If you have a client with a deferred annuity and no intention of using it for income, Keith Singer, a certified financial planner and attorney in Boca Raton, Fla., has a strategy for you.

"Convert the annuity to a modified endowment contract and your client will leave his or her spouse and kids way more money," he says. "It's a no-brainer."

A modified endowment contract (MEC) is a sort of cash-value life insurance policy with tax advantages, and with the ability to be funded with more money than normally allowed by federal laws. 

Created in 1988 when Congress passed the Technical and Miscellaneous Revenue Act, it comes with a death benefit that passes to beneficiaries tax-free. "It's a huge windfall for the family," says Singer.

With a deferred annuity, of course, the value grows on a tax-deferred basis for as long as the policyholder maintains it. Gains in the deferred annuity will be subject to ordinary income tax when they are cashed in by heirs. So the longer the annuity is held, the bigger the liability. "The longer you live, the more the value will grow," notes Singer. "But for your heirs, that means the more taxes are going to be due on the death benefit."

To be sure, the conversion to an MEC is not a tax-free event, as with a Section 1035 exchange, which converts one annuity or life insurance policy for another. "It's more like converting a traditional IRA to a Roth IRA," he says. "But it's still beneficial to do it. "

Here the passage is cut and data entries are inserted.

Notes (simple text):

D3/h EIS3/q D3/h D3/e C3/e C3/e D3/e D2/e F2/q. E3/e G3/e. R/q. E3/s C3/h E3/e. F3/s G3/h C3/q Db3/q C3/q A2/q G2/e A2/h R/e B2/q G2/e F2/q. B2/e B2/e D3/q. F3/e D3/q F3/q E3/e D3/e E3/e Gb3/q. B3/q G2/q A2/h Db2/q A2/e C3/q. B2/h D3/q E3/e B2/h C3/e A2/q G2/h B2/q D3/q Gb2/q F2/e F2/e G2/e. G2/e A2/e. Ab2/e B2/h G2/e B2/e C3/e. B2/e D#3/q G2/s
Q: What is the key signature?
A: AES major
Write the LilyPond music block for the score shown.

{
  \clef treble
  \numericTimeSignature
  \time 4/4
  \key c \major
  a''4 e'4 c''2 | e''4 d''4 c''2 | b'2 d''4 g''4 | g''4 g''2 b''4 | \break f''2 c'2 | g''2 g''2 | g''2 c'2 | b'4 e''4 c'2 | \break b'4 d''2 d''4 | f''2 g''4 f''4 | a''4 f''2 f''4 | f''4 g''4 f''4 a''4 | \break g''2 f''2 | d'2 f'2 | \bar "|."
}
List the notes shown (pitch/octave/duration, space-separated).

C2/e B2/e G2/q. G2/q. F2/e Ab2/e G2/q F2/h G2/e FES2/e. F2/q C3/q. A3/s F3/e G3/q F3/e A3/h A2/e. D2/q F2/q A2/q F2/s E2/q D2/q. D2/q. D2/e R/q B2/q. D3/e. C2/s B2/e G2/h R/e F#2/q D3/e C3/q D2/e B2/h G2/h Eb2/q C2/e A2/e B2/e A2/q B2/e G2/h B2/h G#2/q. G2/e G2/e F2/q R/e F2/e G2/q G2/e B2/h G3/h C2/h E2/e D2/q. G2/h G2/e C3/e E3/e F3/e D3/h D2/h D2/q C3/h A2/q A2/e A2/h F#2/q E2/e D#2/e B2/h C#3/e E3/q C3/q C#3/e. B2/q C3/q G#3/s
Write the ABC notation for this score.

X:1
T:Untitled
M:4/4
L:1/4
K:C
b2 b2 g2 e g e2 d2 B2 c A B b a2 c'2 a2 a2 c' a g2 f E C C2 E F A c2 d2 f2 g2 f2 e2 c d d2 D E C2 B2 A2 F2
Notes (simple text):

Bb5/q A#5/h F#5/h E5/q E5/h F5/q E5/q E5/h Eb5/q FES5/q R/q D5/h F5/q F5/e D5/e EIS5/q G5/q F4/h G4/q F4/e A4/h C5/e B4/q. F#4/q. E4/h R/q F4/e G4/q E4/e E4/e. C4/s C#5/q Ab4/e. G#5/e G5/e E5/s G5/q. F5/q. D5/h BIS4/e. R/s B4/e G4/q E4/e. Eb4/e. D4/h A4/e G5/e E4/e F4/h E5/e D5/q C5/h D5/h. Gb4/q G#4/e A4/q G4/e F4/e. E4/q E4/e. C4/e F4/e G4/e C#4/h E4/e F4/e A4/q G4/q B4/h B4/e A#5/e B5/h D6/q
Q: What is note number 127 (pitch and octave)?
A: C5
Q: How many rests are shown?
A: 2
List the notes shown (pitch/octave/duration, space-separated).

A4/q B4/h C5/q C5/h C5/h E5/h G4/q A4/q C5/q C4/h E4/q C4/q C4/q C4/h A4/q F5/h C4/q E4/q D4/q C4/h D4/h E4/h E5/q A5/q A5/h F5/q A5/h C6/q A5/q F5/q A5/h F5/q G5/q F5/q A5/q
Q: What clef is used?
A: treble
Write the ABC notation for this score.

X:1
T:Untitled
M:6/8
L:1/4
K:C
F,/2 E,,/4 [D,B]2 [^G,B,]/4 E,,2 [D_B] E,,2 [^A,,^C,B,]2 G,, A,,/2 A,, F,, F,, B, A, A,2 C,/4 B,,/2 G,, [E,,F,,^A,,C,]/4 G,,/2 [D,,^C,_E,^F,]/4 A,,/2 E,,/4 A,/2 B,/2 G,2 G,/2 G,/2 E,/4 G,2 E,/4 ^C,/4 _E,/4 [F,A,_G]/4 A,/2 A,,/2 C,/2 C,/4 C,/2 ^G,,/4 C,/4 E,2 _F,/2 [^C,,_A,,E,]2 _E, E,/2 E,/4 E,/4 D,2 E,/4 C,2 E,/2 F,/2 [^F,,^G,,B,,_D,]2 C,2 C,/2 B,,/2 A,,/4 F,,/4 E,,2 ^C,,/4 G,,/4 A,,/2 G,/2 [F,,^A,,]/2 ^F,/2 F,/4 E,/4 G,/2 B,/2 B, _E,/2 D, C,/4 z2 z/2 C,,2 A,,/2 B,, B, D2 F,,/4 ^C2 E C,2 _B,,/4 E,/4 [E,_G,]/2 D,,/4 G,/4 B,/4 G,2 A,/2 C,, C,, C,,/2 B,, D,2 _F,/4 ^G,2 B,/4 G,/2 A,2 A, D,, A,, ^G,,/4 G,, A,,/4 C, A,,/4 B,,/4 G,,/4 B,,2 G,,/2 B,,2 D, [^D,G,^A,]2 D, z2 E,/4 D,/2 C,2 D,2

Moreover, Singer has a strategy for making the conversion as painless as possible. Taxes on the MEC's interest can be paid with tax-advantaged borrowing. "Take a loan against the MEC from the insurance company, and effectively use that to pay the taxes," he says. "If you take the loan before the first anniversary of the MEC—before there's any interest credited—there won't be any additional tax consequences. It's actually a better transaction for the client than just paying the taxes out of pocket."

There are, however, a couple of provisos. First, these conversions are probably not for clients who intend to use their deferred annuity to generate retirement income. Second, because of the death benefit, the client has to qualify as sufficiently healthy for the MEC. "There is medical underwriting," says Singer.

But there may be a solution for that, too. If the client is not considered insurable, but the client's spouse is, the client can cash out of the annuity and convert it to an MEC for the spouse. "It does not have to be the same annuitant to use this strategy," he says. "It's very simple to do."